CREATE TABLE #KeyValuePairs (
  [PK]       uniqueidentifier NOT NULL,
  [KeyValue] varchar(500) NOT NULL,
  [Key] AS CONVERT(varchar(35), SUBSTRING([KeyValue],1,CHARINDEX('=',[KeyValue])-1)) PERSISTED NOT NULL,
  [Value] AS SUBSTRING([KeyValue],CHARINDEX('=',[KeyValue]) + 1, LEN([KeyValue]) - CHARINDEX('=',[KeyValue])) PERSISTED NULL
); 

The clustered index just helps me to find a specific combination of primary key and value key efficiently.
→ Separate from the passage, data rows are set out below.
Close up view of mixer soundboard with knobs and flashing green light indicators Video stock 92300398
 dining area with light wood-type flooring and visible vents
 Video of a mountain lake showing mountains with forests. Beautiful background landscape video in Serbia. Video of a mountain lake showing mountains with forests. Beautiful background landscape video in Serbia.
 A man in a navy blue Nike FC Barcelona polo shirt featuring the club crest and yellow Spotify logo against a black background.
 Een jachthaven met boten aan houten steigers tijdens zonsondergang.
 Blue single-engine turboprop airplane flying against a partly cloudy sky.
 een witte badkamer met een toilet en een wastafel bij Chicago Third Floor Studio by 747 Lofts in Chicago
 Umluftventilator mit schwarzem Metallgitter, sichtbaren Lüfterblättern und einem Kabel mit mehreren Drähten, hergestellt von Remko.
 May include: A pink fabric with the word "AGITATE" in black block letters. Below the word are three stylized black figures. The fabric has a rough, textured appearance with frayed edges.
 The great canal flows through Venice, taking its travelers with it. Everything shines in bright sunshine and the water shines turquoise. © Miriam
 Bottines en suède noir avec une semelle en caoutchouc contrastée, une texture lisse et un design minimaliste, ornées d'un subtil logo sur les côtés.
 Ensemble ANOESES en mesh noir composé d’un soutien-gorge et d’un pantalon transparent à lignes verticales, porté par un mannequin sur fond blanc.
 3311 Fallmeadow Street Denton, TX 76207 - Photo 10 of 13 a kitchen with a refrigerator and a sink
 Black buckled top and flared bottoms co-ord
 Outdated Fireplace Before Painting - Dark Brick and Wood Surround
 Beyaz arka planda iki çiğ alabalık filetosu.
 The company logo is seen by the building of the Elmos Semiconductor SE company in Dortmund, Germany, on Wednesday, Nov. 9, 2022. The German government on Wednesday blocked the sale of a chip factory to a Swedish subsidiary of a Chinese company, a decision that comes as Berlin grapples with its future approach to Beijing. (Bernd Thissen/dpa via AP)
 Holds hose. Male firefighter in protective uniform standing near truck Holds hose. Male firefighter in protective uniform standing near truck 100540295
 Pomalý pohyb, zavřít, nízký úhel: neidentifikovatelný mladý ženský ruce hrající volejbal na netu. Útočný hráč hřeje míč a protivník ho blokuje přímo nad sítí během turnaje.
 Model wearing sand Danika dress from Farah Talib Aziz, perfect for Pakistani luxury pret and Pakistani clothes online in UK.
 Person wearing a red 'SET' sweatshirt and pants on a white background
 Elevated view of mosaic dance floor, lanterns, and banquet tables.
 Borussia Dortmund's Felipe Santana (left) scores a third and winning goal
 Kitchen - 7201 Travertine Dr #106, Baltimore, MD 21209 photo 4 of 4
The following is how I insert data into it:

INSERT #KeyValuePairs ([PK], [KeyValue])
SELECT T.[PK], kv.[value]
FROM BaseTable T
CROSS APPLY string_split([KeyValueStringColumn],'*') kv
WHERE [KeyValueStringColumn] != ''
  AND kv.[value] != ''

Occasionally, this query fails with the following error:

Invalid length parameter passed to the LEFT or SUBSTRING function.

If I remove the computation from the table definition, leaving the fields NULL by the INSERT and instead run an UPDATE afterwards with the exact same formula, the UPDATE succeeds always.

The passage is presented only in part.